- _EXERCISE AIM_
Transcribe the listing below in its entirety.
_ _ _
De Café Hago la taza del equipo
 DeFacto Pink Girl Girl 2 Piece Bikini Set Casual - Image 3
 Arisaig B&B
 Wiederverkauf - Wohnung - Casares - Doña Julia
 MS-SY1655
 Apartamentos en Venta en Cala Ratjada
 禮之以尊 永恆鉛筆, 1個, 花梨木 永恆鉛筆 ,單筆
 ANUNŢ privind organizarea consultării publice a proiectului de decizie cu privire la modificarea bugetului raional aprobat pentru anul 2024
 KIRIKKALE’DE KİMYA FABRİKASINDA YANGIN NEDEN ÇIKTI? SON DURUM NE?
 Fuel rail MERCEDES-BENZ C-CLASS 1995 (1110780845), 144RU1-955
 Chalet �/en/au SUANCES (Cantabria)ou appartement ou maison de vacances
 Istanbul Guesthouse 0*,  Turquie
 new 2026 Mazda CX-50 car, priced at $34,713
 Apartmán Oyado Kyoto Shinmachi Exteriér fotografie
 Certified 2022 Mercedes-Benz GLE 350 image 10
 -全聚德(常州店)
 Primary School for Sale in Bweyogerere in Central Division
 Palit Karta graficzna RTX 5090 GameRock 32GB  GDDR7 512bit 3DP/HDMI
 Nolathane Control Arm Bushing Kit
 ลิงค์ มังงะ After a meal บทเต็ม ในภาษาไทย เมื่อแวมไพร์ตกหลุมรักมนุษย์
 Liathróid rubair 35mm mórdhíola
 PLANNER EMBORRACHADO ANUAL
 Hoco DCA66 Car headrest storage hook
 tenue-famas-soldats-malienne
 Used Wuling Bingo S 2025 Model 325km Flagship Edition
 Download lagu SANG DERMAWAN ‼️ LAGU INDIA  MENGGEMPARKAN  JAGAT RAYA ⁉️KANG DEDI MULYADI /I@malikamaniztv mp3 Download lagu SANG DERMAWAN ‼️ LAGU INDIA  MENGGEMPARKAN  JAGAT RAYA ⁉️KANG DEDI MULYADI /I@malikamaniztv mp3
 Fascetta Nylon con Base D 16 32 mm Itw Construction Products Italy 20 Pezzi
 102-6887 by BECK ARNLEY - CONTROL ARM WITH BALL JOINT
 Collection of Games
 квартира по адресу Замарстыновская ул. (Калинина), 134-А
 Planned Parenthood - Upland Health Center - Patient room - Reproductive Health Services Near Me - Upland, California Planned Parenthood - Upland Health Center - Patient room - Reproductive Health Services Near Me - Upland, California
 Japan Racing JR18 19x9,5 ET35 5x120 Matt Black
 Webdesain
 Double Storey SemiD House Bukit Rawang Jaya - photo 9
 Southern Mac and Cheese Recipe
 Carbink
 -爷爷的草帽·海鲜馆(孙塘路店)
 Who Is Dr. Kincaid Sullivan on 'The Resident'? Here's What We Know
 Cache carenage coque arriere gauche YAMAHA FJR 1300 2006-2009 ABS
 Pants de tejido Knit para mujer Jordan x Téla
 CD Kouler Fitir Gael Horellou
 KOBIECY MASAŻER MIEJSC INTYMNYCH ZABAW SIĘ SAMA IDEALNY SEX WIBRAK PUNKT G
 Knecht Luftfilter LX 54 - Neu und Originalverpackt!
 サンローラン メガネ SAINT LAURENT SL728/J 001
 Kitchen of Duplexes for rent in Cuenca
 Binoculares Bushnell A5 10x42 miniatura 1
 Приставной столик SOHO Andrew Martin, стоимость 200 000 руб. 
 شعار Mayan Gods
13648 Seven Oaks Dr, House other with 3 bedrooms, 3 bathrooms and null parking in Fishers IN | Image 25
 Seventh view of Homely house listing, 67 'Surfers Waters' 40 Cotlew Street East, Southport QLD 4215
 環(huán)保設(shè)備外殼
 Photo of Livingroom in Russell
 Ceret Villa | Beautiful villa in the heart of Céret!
_ _ _
- _SOLUTION TO THIS EXERCISE_
De Café Hago la taza del equipo
 DeFacto Pink Girl Girl 2 Piece Bikini Set Casual - Image 3
 Arisaig B&B
 Wiederverkauf - Wohnung - Casares - Doña Julia
 MS-SY1655
 Apartamentos en Venta en Cala Ratjada
 禮之以尊 永恆鉛筆, 1個, 花梨木 永恆鉛筆 ,單筆
 ANUNŢ privind organizarea consultării publice a proiectului de decizie cu privire la modificarea bugetului raional aprobat pentru anul 2024
 KIRIKKALE’DE KİMYA FABRİKASINDA YANGIN NEDEN ÇIKTI? SON DURUM NE?
 Fuel rail MERCEDES-BENZ C-CLASS 1995 (1110780845), 144RU1-955
 Chalet �/en/au SUANCES (Cantabria)ou appartement ou maison de vacances
 Istanbul Guesthouse 0*,  Turquie
 new 2026 Mazda CX-50 car, priced at $34,713
 Apartmán Oyado Kyoto Shinmachi Exteriér fotografie
 Certified 2022 Mercedes-Benz GLE 350 image 10
 -全聚德(常州店)
 Primary School for Sale in Bweyogerere in Central Division
 Palit Karta graficzna RTX 5090 GameRock 32GB  GDDR7 512bit 3DP/HDMI
 Nolathane Control Arm Bushing Kit
 ลิงค์ มังงะ After a meal บทเต็ม ในภาษาไทย เมื่อแวมไพร์ตกหลุมรักมนุษย์
 Liathróid rubair 35mm mórdhíola
 PLANNER EMBORRACHADO ANUAL
 Hoco DCA66 Car headrest storage hook
 tenue-famas-soldats-malienne
 Used Wuling Bingo S 2025 Model 325km Flagship Edition
 Download lagu SANG DERMAWAN ‼️ LAGU INDIA  MENGGEMPARKAN  JAGAT RAYA ⁉️KANG DEDI MULYADI /I@malikamaniztv mp3 Download lagu SANG DERMAWAN ‼️ LAGU INDIA  MENGGEMPARKAN  JAGAT RAYA ⁉️KANG DEDI MULYADI /I@malikamaniztv mp3
 Fascetta Nylon con Base D 16 32 mm Itw Construction Products Italy 20 Pezzi
 102-6887 by BECK ARNLEY - CONTROL ARM WITH BALL JOINT
 Collection of Games
 квартира по адресу Замарстыновская ул. (Калинина), 134-А
 Planned Parenthood - Upland Health Center - Patient room - Reproductive Health Services Near Me - Upland, California Planned Parenthood - Upland Health Center - Patient room - Reproductive Health Services Near Me - Upland, California
 Japan Racing JR18 19x9,5 ET35 5x120 Matt Black
 Webdesain
 Double Storey SemiD House Bukit Rawang Jaya - photo 9
 Southern Mac and Cheese Recipe
 Carbink
 -爷爷的草帽·海鲜馆(孙塘路店)
 Who Is Dr. Kincaid Sullivan on 'The Resident'? Here's What We Know
 Cache carenage coque arriere gauche YAMAHA FJR 1300 2006-2009 ABS
 Pants de tejido Knit para mujer Jordan x Téla
 CD Kouler Fitir Gael Horellou
 KOBIECY MASAŻER MIEJSC INTYMNYCH ZABAW SIĘ SAMA IDEALNY SEX WIBRAK PUNKT G
 Knecht Luftfilter LX 54 - Neu und Originalverpackt!
 サンローラン メガネ SAINT LAURENT SL728/J 001
 Kitchen of Duplexes for rent in Cuenca
 Binoculares Bushnell A5 10x42 miniatura 1
 Приставной столик SOHO Andrew Martin, стоимость 200 000 руб. 
 شعار Mayan Gods
13648 Seven Oaks Dr, House other with 3 bedrooms, 3 bathrooms and null parking in Fishers IN | Image 25
 Seventh view of Homely house listing, 67 'Surfers Waters' 40 Cotlew Street East, Southport QLD 4215
 環(huán)保設(shè)備外殼
 Photo of Livingroom in Russell
 Ceret Villa | Beautiful villa in the heart of Céret!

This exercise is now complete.